### Directions for this task
For this exercise, write out only the lines of the entries below from the one with "Tópart Café - Vendéglátás" up to and including the one with "Plumbing logo vector", exactly as they are. Pictures stay out.

───── Data supplied

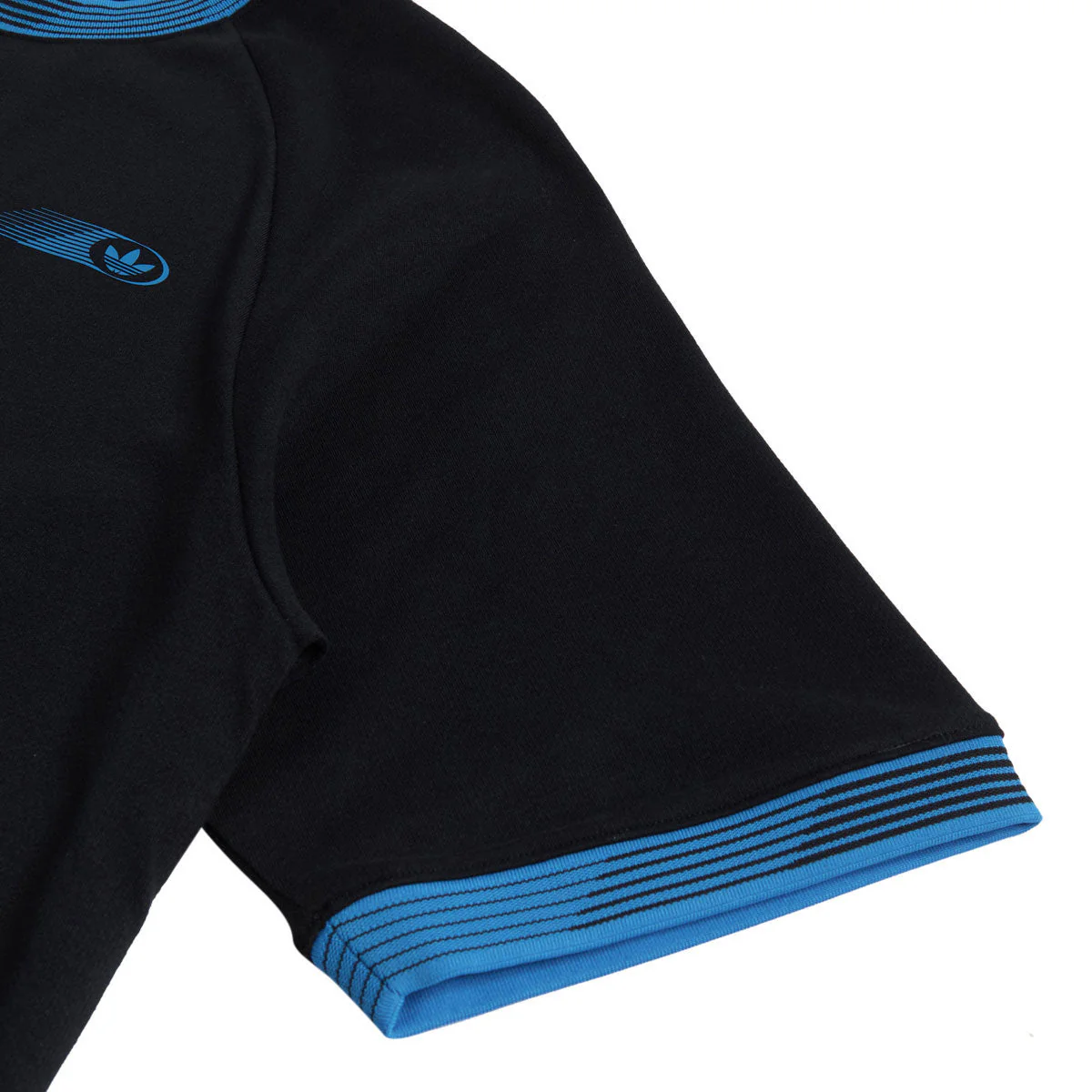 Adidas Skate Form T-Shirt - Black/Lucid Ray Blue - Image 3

──────────
───── Data supplied

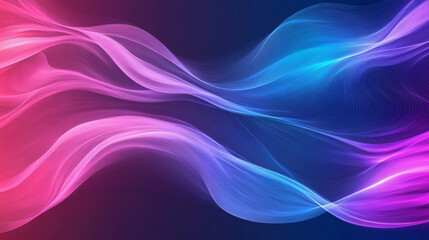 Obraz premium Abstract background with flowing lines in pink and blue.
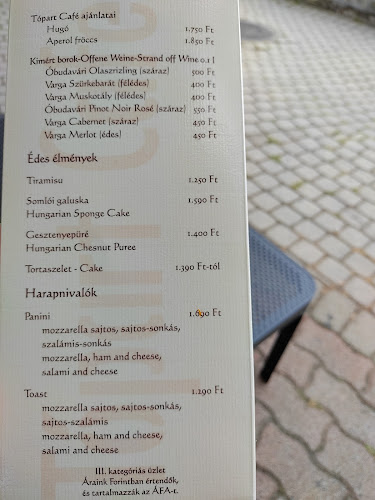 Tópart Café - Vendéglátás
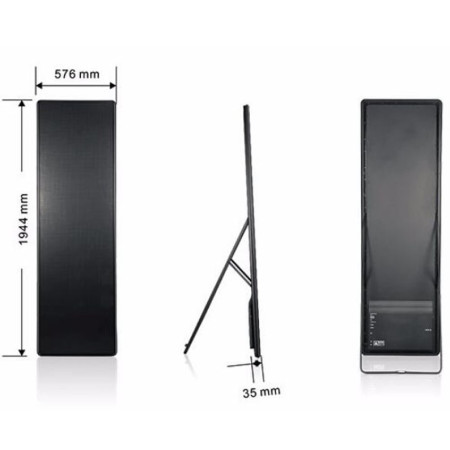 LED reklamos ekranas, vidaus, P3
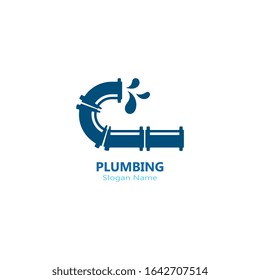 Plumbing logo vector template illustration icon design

──────────

### Written response
 Tópart Café - Vendéglátás
 LED reklamos ekranas, vidaus, P3
 Plumbing logo vector template illustration icon design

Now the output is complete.